Gruber directed me to an empty folding chair next to Shane Gray, a local actor and comedian who can currently be glimpsed in another locally–filmed production, Abraham Lincoln vs. Zombies.)
“This is your basic assembly line casting,” he informed me. “You get your paperwork at one table, then take it over to the photo table, then you got to another table, where if they like you, they’ll give you some lines to read and send you to another table. Then you wait.”
In 10 minutes, I filled out my form, had my photo snapped and was immediately dismissed. “We’ll be in touch!” said a nice young man with perfect teeth.

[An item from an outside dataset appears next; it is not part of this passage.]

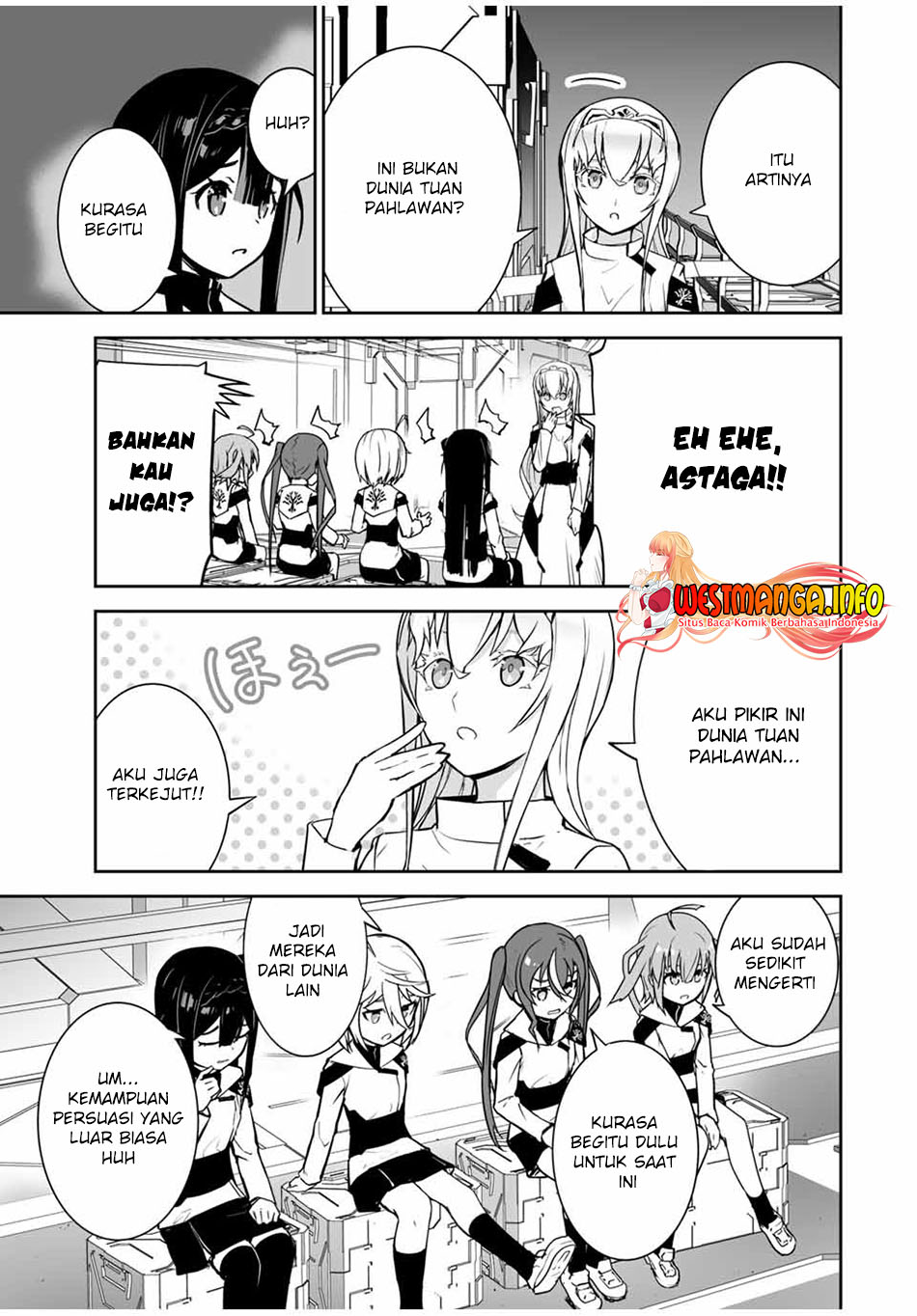 Yuusha Shoutai Kamoku Yuusha Wa Nagisa Renai Chapter 18. Gambar 10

No script pages for this ‘70s baby. But I hung around because I wasn’t ready to change out of my stellar outfit, which included feather earrings à la Buffy Sainte–Marie, circa Sesame Street 1977. Also, I kept running into people I knew.
Some, like artist Stacie Albano, didn’t make it to the coveted script table, either.
“Eh, I’m just here playing make believe,” she laughed. “Now I’ve got to go pick up my kids.”
I cleaved onto Morningstar Arts coordinator Carol Greenberg, who regaled me with tales of her own visit to the real CBGB club when she was a teenager in New York (without disclosing the year, of course.) She was wearing a wildly–patterned nik nik shirt that she’d saved all these decades, and even though she wasn’t chosen to read lines, she still hopes to contribute to the film’s wardrobe department.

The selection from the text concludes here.